PW-10 Procesor V-Wah
Kiedy zaczynałem nagrywać swoją kolejną płytę pomyślałem, że trzeba czymś zaskoczyć słuchacza - wpadłem na pomysł użycia w nagraniach urządzenia BOSS PW-10, zwanego potocznie "kaczką". Nie było by w tym nic nadzwyczajnego, wszak na rynku tego rodzaju sprzętów jest sporo, gdyby nie specyficzne i nazwijmy to unikalne brzmienie tego efektu. Gdy po raz pierwszy wypróbowałem to urządzono miałem dość mieszane uczucia. Grałem na podobnych sprzętach i opinia o nich byłą zawsze mniej lub bardziej podzielona. Przy coraz dokładniejszej "penetracji" możliwości - zacząłem odkrywać coraz ciekawsze brzmienia. Począwszy od bardzo głębokiego przyciemnienia barwy filtrami do szybkiego wyjścia sygnałem. Tak przerobiony sygnał wzbogacałem o dodatkowe przestery (od lekkich blues'owych do ciężkich, ciemnych, ostro rock'owych) - doszedłem do wniosku ze ta "kaczuszka" coraz bardziej mi się podoba. Bardzo ciekawe efekty uzyskałem używając wspomnianych przesterów razem z efektem "kaczki". Urządzenie wygląda bardzo profesjonalnie, a i sam ciężar jest spory jak na tego typu sprzęt - ale dzięki temu nie ucieka spod nogi i nie trzeba jej (kaczki) ganiać po estradzie.
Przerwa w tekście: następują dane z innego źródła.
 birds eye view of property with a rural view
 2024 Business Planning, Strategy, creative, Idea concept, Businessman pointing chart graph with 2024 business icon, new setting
Na koniec najważniejsze spostrzeżenie, które najczęściej umyka użytkownikom różnego rodzaju efektów podłogowych. Zazwyczaj słuchamy urządzenia jako samego bez innych instrumentów i jesteśmy pewni jego brzmienia. Zimny prysznic przychodzi dopiero gdy zaczyna brzmieć cały zespól. W tym wypadku opisywana "kaczka" okazała się fantastycznie brzmiącym efektem. Poziomy jak i pasmo okazały się perfekcyjnie wyregulowane i stonowane. Nie musiałem używać dodatkowych korektorów czy podobnych "dopalaczy", aby w finalnym produkcie uzyskać klarowną i pełną barwę. Produkt ten zdecydowanie można polecić wszystkim, poszukującym dobrego brzmienia swojej gitary.